Segundo alguns cientistas o Paleolítico Inferior vai até cerca de 30000 ou 25000 antes de Cristo. Sabemos muito pouco sobre a cultura, as habilidades e a ciência dos seres que existiram nessa época. Suas habilidades e sua ciência adquirida devem ter sido ínfimas, mesmo se confrontadas com as dos povos primitivos que habitam o nosso planeta hoje em dia. Apesar disso, descobertas feitas por antropólogos mostram que não podemos considerar o Pithecanthropus e seus sucessores como simples macacos.
De 30000 a.C até 10000 a.C. temos o chamado Paleolítico Superior. Nesta época surge o homem de Cro-Magnon que desenvolveu uma cultura bastante superior à dos seus antepassados. Estes homens já usam roupas e criam artefatos mais elaborados como agulhas, anzóis, arpões, etc.
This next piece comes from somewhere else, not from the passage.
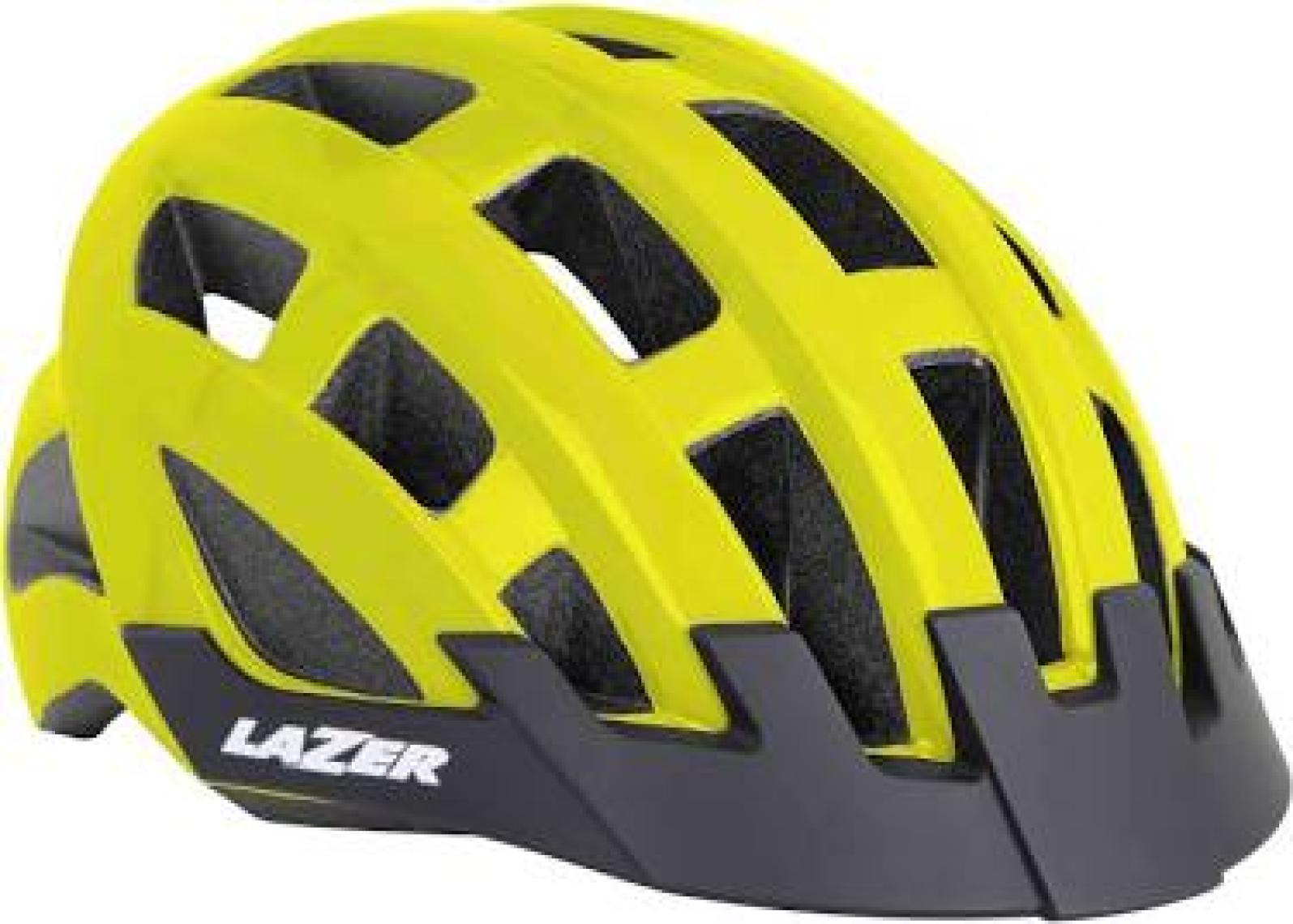 Lazer Compact Mtb Kaskı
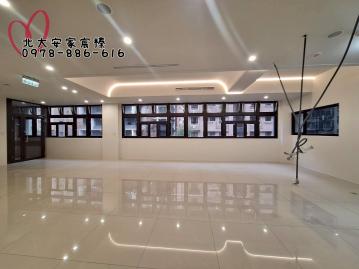 安家幸福在北大 北大特區豫園辦公事務所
No Paleolítico Superior os homens de Cro-Magnon ainda não construiam casas. Eles habitavam cavernas e a vida grupal tornou-se mais regular e organizada do que antes. O homem de Cro-Magnon desenvolveu a arte da pintura, a escultura, o entalhe e a gravação. Ele também desenvolveu o mito, apresentando idéias muito evoluidas sobre um mundo de forças invisíveis que passaria a reger todos os momentos de sua vida. Também foram eles que desenvolveram as primeira notações numéricas da história da humanidade. Eles faziam isso na forma de entalhes sobre ossos e, possivelmente, estas contagens estavam relacionadas com animais abatidos durante a caça.
Era Neolítica
O último estágio da Idade da Pedra é conhecido com período Neolítico. É muito difícil fixar datas para o período Neolítico. Sua cultura não se estabeleceu solidamente na Europa antes de cerca de 3000 a.C. No entanto, há provas da existência desse período no Egito já no ano 5000 a.C. e não muito mais tarde que isso no sudoeste da Ásia. O fim dessa era também é difícil de precisar. No Egito ele foi superado um pouco depois do ano 4000 a.C. mas não desapareceu em parte alguma da Europa (exceto na ilha de Creta) antes do ano 2000 a.C. e muito mais tarde ainda na Europa setentrional. Curiosamente em certas regiões da Terra ainda existem populações vivendo no período neolítico. Nas selvas do nosso país ainda encontramos povos indígenas vivendo com uma cultura neolítica exceto por alguns costumes que acabam adquirindo de exploradores e missionários que deformam substancialmente suas culturas.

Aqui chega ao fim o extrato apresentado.